Tépida, poesia de Ruiz une pop e racionalismo

por ALCIR PÉCORA

"Dois em Um", de Alice Ruiz, reúne as suas duas antologias saídas pela finada Brasiliense: "Pelos Pelos" (1984) e "Vice Versos" (1988). Em geral, Ruiz emprega versos livres, que raramente ultrapassam oito sílabas. Predominam versos brancos, mas com blocos rimados e ocorrência das chamadas "rimas pobres", isto é, com terminações em "ão" e formas verbais infinitivas, além de repetições de termos idênticos ou de mesma categoria gramatical.

Há forte presença de tercetos, que incluem índices das estações do ano, o que evidencia a preferência de Ruiz pela composição à maneira do haikai. Digo "à maneira", pois nos seus haikais cabe a virtualidade metafórica, simbólica, e a alusão sensual, estranhas à forma tradicional. Além disso, o aspecto descritivo do haikai tradicional cede seu lugar decisivo para a agudeza verbal e as figuras de linguagem.

Ao assumirem o primeiro plano do poema, tais jogos de palavras, de incidental inspiração concretista (mas sem o seu sentido experimental ou de negação do verso), fazem prevalecer o lúdico, e mais ainda o pop. A sintaxe direta, o vocabulário informal, a gíria, o clichê reforçam tais efeitos. Nada os acentua tanto, porém, como o tema das exigências do corpo e do tesão. A poesia de Ruiz mescla, pois, certo racionalismo construtivo com algo do clima de "desbunde" e da poesia dita marginal, o que resulta, por vezes, num curioso feminismo de viés sedutor (como na imagem exemplar da "navalhanaliga"). Mais forte nos poemas mais antigos, esse traço híbrido não se apaga ao longo do livro, mas se reduz face ao jogo esperto com as palavras. Ambos os aspectos talvez ajudem a entender o vínculo da poesia de Ruiz com a MPB, que já lhe rendeu parcerias com Itamar Assumpção, Arnaldo Antunes, Zeca Baleiro etc.

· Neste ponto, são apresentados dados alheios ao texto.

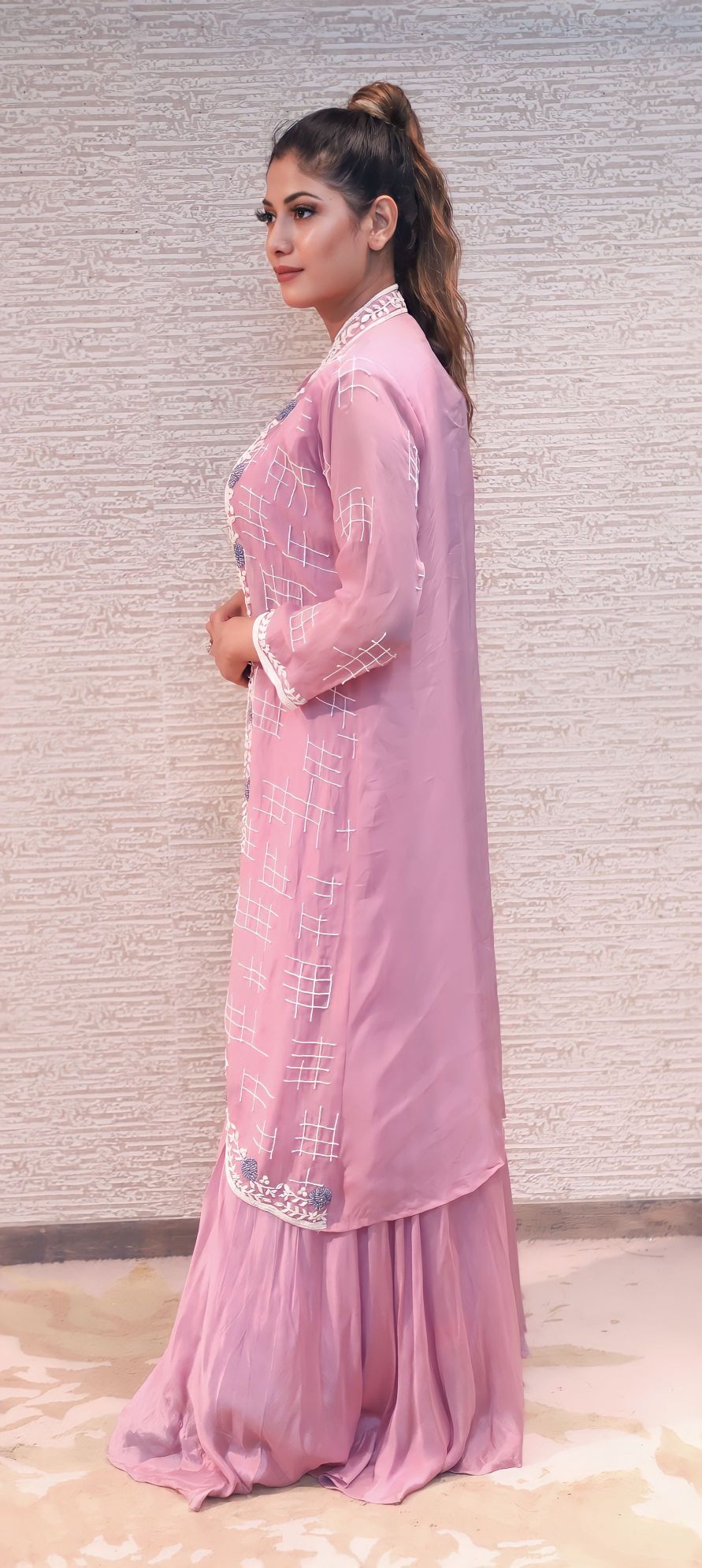 classic pink color floral motif embroidered jumpsuit set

A síntese do que digo é visível já no primeiro poema do livro: "O corpo cede/letras se sucedem/um verso doido aparece/ morrem todas as sedes/movem-se pedaços de preces/sobe-se por onde se desce". É isso: o verso aparece como objeto final de um desejo que, nascido no corpo, se contenta com as letras, na esperança de que sejam mágicas. Ruiz exibe domínio sobre os meios de sua poesia, gerando uma produção regular. O seu traçado constante é a representação de uma vida que se quer completa em amor, prazer, liberdade, arte, filhos e perdas, mas que acaba por se assentar num ladrilhar miúdo e decorativo. Quer dizer, se a vida aludida é intensa, a poesia é tépida.